What the task asks: Look through the records below for the line with "<head><title>Insert your Name</title></head>". Return that line and each one after it up to and including the line with "iii. Massachusetts a.", exactly.

Data supplied:
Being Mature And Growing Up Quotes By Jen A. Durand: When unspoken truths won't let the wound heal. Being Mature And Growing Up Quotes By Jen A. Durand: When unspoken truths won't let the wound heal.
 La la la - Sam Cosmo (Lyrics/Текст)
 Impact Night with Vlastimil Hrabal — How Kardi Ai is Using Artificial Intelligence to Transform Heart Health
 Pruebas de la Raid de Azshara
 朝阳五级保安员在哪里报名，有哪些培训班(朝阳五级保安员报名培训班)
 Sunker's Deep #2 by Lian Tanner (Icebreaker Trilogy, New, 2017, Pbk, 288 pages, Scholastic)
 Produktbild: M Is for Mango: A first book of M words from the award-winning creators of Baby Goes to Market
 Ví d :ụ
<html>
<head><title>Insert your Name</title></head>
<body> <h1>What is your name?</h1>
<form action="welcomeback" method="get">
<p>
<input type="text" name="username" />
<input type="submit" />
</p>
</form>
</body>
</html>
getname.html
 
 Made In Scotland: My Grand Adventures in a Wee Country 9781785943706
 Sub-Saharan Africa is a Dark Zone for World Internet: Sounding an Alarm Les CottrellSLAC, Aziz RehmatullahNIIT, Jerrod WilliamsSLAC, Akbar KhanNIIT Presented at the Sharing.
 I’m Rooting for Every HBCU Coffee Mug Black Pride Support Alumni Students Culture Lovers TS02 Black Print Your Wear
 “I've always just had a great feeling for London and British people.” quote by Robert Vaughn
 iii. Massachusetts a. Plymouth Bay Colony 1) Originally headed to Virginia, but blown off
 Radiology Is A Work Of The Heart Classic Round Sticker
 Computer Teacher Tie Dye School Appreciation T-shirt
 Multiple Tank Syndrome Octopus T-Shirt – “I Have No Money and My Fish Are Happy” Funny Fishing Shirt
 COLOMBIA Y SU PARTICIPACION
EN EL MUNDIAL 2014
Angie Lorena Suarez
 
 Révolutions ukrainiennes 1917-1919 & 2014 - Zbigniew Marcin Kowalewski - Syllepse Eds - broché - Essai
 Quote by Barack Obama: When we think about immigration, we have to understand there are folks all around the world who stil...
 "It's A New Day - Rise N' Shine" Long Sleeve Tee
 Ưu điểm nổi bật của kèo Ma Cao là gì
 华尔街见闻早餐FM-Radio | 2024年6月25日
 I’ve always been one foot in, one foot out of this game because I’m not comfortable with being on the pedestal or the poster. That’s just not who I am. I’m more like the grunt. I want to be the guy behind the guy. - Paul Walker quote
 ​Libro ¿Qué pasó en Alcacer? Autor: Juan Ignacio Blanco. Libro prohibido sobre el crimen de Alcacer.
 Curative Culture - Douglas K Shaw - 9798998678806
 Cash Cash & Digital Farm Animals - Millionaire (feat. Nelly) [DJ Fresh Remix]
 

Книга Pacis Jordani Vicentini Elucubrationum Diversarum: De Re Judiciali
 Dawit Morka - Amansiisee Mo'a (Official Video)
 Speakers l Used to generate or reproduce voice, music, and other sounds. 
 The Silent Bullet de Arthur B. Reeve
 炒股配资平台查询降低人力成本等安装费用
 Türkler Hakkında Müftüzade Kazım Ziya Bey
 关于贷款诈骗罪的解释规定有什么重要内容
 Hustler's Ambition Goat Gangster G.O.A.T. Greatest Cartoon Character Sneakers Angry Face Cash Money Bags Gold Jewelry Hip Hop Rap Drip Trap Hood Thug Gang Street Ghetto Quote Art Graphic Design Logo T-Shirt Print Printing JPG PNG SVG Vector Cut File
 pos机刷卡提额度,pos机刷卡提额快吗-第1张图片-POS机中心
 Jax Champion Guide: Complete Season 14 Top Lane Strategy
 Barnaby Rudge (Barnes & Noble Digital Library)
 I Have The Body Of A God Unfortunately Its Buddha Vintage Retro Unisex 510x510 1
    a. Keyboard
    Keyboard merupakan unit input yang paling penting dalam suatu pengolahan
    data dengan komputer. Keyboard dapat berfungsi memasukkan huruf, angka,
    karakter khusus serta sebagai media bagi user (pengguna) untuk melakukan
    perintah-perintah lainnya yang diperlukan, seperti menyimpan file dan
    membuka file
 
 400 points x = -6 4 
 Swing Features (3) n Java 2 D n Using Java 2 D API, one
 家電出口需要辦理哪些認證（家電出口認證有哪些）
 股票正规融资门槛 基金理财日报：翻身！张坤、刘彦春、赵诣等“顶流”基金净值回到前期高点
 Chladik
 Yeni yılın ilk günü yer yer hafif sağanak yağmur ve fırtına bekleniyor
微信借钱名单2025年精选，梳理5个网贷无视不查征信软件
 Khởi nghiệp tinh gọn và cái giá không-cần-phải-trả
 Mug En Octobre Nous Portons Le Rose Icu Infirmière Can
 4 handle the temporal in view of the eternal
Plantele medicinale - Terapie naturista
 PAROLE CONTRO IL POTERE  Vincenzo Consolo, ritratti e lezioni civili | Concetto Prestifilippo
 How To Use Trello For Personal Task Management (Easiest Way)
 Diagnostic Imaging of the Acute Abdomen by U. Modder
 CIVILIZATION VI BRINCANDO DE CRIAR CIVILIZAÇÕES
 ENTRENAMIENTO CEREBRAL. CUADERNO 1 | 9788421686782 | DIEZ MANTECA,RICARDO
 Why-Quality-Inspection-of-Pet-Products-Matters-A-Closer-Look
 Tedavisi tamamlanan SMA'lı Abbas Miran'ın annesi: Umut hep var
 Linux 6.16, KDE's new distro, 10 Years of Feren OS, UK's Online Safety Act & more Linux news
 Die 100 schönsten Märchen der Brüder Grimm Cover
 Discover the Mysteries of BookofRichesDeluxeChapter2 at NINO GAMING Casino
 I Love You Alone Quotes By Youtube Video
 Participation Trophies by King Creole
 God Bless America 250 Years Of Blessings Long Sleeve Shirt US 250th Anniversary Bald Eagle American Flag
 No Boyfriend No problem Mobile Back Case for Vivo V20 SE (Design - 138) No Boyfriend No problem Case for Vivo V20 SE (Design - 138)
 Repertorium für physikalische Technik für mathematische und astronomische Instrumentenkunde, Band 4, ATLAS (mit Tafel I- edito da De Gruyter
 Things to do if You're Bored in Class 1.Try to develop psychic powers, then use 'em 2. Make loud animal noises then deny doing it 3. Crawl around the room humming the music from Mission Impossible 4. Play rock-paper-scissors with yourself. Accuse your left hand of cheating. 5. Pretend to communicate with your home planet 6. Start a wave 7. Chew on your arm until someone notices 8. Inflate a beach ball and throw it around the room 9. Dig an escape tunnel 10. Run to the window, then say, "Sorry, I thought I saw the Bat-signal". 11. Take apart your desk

Reply:
<head><title>Insert your Name</title></head>
<body> <h1>What is your name?</h1>
<form action="welcomeback" method="get">
<p>
<input type="text" name="username" />
<input type="submit" />
</p>
</form>
</body>
</html>
getname.html
 
 Made In Scotland: My Grand Adventures in a Wee Country 9781785943706
 Sub-Saharan Africa is a Dark Zone for World Internet: Sounding an Alarm Les CottrellSLAC, Aziz RehmatullahNIIT, Jerrod WilliamsSLAC, Akbar KhanNIIT Presented at the Sharing.
 I’m Rooting for Every HBCU Coffee Mug Black Pride Support Alumni Students Culture Lovers TS02 Black Print Your Wear
 “I've always just had a great feeling for London and British people.” quote by Robert Vaughn
 iii. Massachusetts a. Plymouth Bay Colony 1) Originally headed to Virginia, but blown off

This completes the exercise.